The longitudinal multivariate analysis modelled lifestyle-related systemic parameters together that potentially affect intraocular pressure.
The mixed-effects models enabled repeated measurements to quantify the change in intraocular pressure in relation to the change in lifestyle-related systemic parameters.
Interventional research on effect of lifestyle modifications on intraocular pressure among ophthalmological patients is warranted.
Intraocular pressure was measured by non-contact tonometry and not with a Goldmann applanation tonometer.

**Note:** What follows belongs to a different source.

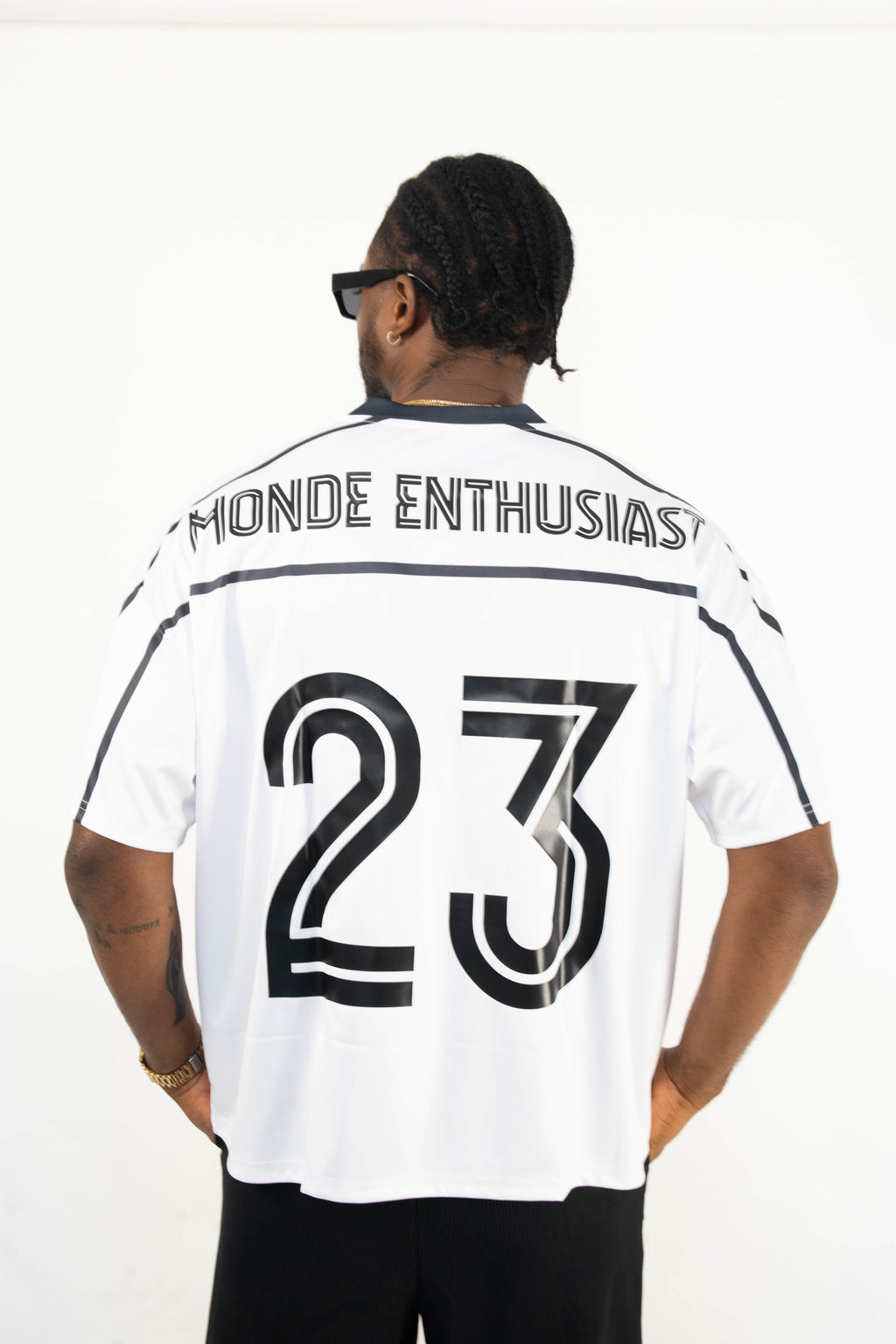 FBMA JERSEY - CUSTOMIZE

The Framingham Eye Study and the Baltimore Eye Survey revealed that 4–7% of people aged ≥40 years have elevated intraocular pressure (IOP).1 ,2 Since the literature indicates that in patients with glaucoma, lower IOP within the normal range (10–21 mm Hg) decreases the risk of visual field deterioration in comparison with higher IOP within the normal range,3–6 evidence of IOP reduction is necessary.

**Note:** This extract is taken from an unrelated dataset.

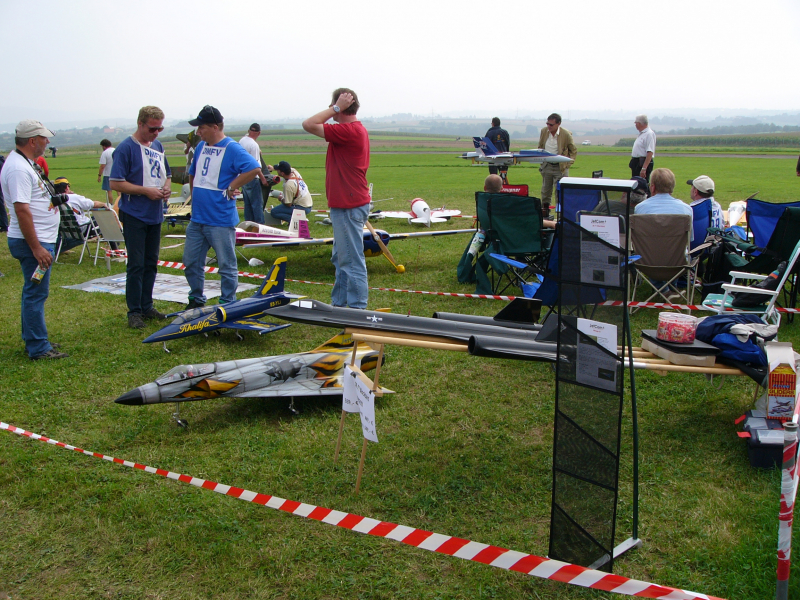 E-Meeting 2006 in Aspach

Previous studies suggest possible moderate associations between IOP elevation and cardiovascular risk factors.7 ,8 Physiology clearly explains systemic hypertension as a risk factor for IOP elevation9 ,10; however, it remains unclear whether all cardiovascular risk factors are related to IOP elevation.11–14 For example, ageing, a well-known cardiovascular risk factor, may affect IOP, but the results of previous studies have not been consistent among Caucasians, Asians and African-Americans; ageing reportedly increases IOP among European and American populations15–17 but decreases it in Asians.18–20 Furthermore, even if several cardiovascular risk factors have deleterious effects on IOP, it is unclear to what extent the IOP elevation can be attributed to each risk factor.21 ,22 Specifically, previous studies have focused on the fact that obesity and age-related factors are highly correlated and therefore result in confounding problems that make it difficult to estimate the contribution of each cardiovascular risk factor to IOP.23–25
Parameters indexed in the definition of metabolic syndrome are used to easily assess the lifestyles of healthy individuals and the related cardiovascular risks. Since the parameters are modified by changes in diet and physical activities, people are more likely to set their health goals at improving the parameters.26 Recent observational studies have suggested that lifestyle and physiological factors affect IOP in healthy individuals without glaucoma27 ,28 and that along with blood pressure, other metabolic syndrome parameters such as waist circumference, plasma lipid levels and plasma glucose levels may also be associated with IOP elevation.29 ,30 However, the analyses have not yet solved the aforementioned controversy regarding confounding problems of the correlated explanatory parameters. In addition, they have also not quantified the level of IOP increase associated with a deterioration in the metabolic syndrome parameters. This study aimed to determine which metabolic syndrome parameters elevate IOP and to what extent in a cohort of ophthalmologically healthy individuals who had undergone medical check-ups.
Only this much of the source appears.